The new CAFO rules are here, the new CAFO rules are here!

After a long wait, the final post-Waterkeeper regulations under the Clean Water Act for concentrated animal feeding operations have been promulgated and should appear shortly in the Federal Register. For now, the rule can be found here.

A few highlights:

As expected, the regulation provides a self-certification measure for CAFOs that will not, or will propose not to, discharge pollutants. The explanatory material is very clear, however, in stating that EPA is implementing a zero discharge regime for unpermitted CAFOs. Thus, even if an existing CAFO is utilizing best management practices and complies with the 25-year, 24-hour design standard, it will be in violation of the CWA if it discharges. And, from what I can tell, if it is foreseeable that a discharge will occur, it has a duty to apply for a permit. A variety of eligibility criteria are included for this option, and there are documentation requirements that a certifying CAFO must maintain, including data on the design, construction, operation and maintenance of any open manure storage structures that satisfies the technical evaluation elements that apply to new sources.

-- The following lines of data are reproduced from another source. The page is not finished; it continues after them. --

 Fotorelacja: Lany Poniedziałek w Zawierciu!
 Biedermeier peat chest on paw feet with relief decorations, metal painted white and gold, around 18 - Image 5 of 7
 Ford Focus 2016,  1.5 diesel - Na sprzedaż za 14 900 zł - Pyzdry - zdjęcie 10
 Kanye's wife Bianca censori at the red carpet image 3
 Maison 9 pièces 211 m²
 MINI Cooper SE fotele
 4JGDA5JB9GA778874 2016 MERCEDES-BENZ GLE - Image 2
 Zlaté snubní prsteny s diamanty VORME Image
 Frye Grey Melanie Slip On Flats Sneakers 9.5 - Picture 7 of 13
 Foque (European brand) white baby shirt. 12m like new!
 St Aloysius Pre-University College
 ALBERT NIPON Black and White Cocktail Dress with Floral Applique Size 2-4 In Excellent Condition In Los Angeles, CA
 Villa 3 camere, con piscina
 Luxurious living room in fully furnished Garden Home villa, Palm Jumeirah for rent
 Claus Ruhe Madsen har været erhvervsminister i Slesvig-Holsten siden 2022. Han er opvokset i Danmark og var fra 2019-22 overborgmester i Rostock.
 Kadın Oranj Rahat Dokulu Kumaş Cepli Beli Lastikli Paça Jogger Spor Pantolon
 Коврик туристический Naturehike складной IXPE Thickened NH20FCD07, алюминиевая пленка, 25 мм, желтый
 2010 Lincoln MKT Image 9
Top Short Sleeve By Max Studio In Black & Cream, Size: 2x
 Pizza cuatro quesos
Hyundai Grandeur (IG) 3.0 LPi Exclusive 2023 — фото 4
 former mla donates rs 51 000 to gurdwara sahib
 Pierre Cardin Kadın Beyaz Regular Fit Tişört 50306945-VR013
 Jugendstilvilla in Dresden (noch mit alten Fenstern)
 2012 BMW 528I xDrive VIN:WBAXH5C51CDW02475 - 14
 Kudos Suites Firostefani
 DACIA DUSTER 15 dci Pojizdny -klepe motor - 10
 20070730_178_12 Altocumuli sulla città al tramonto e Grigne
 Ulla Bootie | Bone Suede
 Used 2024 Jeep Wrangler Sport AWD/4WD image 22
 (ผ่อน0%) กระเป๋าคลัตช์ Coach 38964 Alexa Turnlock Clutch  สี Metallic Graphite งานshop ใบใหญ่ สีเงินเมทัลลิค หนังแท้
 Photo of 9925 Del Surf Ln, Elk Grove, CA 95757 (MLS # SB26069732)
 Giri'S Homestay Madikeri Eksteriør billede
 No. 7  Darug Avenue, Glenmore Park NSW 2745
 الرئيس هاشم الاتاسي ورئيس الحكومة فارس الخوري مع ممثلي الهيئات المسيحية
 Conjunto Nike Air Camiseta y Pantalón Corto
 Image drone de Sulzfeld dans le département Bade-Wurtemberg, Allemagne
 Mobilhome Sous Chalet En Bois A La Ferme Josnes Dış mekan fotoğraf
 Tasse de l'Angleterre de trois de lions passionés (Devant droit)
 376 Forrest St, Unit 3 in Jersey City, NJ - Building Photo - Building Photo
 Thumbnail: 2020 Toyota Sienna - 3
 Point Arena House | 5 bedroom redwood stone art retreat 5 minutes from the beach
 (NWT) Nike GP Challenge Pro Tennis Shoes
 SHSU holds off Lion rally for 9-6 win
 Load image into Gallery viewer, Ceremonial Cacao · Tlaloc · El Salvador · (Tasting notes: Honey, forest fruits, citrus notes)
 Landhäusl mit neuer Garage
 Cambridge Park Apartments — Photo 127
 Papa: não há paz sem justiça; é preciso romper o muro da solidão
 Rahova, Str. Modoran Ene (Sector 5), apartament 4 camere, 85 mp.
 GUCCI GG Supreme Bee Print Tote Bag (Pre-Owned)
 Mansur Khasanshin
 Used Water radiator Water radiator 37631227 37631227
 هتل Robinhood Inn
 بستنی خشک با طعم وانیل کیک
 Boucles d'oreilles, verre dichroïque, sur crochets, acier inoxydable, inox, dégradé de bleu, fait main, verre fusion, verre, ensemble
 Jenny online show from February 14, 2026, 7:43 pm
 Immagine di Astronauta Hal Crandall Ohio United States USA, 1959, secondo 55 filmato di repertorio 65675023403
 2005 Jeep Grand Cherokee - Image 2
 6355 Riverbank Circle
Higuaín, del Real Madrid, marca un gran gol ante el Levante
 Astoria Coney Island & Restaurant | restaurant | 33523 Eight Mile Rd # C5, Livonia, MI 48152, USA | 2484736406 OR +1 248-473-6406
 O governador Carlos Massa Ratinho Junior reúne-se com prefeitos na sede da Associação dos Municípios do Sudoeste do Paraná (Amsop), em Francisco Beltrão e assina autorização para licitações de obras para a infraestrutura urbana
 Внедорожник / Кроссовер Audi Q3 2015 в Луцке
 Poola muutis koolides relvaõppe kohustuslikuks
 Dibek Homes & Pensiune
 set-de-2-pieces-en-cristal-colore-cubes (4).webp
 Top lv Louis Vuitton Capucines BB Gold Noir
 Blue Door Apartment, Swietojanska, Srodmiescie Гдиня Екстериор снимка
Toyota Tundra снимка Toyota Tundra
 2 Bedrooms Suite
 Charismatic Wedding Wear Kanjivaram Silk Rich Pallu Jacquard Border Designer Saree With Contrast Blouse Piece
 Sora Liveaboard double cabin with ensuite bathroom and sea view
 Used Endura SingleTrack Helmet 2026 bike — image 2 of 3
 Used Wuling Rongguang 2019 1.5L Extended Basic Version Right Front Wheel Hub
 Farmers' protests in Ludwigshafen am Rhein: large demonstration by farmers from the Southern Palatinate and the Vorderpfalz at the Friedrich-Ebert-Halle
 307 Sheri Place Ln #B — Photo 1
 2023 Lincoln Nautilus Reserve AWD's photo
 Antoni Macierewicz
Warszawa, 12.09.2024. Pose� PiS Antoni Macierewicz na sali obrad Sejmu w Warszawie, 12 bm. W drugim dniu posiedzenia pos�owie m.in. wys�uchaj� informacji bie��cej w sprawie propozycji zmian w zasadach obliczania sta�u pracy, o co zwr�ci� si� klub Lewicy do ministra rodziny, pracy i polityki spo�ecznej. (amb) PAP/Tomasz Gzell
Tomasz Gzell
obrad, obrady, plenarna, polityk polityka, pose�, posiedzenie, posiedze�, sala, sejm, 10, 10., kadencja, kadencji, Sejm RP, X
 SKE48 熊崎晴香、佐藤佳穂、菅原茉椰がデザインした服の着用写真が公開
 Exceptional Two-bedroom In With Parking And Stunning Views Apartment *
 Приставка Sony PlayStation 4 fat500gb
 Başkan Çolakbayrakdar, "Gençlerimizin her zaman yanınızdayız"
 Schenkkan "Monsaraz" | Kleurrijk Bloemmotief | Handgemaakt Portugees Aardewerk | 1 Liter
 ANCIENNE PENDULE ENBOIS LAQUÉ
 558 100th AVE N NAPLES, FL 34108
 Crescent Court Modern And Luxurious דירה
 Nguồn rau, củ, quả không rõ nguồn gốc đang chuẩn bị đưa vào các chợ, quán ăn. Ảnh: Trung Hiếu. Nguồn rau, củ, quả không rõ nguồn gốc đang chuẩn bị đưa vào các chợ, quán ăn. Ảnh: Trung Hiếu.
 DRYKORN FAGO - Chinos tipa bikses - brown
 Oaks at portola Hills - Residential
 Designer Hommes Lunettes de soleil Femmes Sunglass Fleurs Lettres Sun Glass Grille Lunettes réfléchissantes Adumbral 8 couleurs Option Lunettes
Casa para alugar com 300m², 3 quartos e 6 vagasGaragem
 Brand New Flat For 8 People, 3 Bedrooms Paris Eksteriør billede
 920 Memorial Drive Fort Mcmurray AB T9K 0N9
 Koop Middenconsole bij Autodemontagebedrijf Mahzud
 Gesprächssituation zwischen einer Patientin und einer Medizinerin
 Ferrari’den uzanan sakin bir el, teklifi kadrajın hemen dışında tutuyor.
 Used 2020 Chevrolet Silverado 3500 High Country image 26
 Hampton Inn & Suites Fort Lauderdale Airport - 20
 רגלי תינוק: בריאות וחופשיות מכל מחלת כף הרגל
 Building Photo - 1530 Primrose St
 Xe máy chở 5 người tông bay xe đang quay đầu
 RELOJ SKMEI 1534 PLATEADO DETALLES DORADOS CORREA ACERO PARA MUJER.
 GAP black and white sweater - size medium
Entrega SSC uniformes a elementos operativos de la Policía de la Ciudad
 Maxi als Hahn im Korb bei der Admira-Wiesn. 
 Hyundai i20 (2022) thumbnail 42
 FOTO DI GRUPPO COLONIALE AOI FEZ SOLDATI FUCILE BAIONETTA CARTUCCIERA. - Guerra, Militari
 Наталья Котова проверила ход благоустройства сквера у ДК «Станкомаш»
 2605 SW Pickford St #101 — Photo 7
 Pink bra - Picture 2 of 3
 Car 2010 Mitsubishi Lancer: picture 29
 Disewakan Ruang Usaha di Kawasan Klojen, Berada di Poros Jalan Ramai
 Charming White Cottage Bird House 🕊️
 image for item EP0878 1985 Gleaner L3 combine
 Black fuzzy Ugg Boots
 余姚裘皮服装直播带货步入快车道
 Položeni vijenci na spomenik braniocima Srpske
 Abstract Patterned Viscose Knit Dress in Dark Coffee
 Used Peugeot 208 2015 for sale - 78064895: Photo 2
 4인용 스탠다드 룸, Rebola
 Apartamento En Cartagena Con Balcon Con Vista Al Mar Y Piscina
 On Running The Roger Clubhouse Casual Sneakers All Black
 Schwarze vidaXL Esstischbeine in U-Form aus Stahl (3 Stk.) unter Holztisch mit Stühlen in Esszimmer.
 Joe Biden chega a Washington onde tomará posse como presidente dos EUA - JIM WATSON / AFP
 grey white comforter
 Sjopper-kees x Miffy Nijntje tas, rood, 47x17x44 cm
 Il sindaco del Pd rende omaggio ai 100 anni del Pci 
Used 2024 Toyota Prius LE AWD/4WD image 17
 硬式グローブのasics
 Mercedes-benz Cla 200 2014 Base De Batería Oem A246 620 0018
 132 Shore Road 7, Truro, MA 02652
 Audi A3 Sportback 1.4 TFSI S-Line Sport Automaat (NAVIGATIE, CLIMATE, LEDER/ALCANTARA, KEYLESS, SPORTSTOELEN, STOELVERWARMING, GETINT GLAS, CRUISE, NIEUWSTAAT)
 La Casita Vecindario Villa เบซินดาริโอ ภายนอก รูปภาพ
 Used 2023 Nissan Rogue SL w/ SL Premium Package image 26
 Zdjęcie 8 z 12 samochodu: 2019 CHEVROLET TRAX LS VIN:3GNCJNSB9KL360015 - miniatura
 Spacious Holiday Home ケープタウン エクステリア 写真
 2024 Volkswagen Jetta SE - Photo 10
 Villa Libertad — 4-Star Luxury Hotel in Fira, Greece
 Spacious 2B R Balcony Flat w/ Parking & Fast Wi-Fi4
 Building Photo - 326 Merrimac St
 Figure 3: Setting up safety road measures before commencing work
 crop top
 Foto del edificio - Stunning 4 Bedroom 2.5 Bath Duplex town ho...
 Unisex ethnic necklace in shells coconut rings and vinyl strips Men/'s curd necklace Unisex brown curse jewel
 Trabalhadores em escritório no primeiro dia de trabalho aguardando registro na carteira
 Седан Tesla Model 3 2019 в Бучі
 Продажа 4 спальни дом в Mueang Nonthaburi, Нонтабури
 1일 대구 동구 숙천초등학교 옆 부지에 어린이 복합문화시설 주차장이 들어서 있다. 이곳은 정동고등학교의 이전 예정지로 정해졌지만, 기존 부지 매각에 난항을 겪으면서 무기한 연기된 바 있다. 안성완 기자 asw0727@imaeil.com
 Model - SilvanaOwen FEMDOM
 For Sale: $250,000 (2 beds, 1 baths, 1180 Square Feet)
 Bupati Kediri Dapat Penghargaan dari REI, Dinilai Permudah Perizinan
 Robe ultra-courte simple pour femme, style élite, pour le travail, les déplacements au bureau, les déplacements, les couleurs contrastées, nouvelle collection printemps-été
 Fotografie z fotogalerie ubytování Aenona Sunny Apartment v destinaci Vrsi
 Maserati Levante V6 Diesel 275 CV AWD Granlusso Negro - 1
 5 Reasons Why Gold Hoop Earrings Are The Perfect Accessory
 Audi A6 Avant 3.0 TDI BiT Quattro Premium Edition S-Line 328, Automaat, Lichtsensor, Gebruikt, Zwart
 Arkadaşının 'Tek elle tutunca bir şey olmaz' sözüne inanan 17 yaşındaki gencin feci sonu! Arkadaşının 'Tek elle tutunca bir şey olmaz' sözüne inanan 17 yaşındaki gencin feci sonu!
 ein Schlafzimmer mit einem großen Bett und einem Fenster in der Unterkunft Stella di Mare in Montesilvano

In other words, it appears to me that the self-certification option is limited and not without costs.

The application deadline has not changed from February 27, 2009, for operations defined as CAFOs in the 2003 rule.

The nutrient management plan must contain a wealth of information, but the notable addition is the method for determining the application rates that must be included. The rules allow for a linear approach that expresses the rates of application in pounds of nitrogen and phosphorous to be applied to each acre, per year, for each field. The rules also allow for a narrative rate approach that expresses the application rate narratively and results in amount of manure, litter, and process wastewater to be applied. Interestingly, the latter approach must involve projections about crop rotation, projected amounts of waste to be applied, credits for all available nitrogen, and other matters. While those projections must be included in the nutrient management plan, under the regulations they are not considered terms of the nutrient management plan and, thus, are not effluent limitations.

Of course, I've barely scratched the surface on these regulations.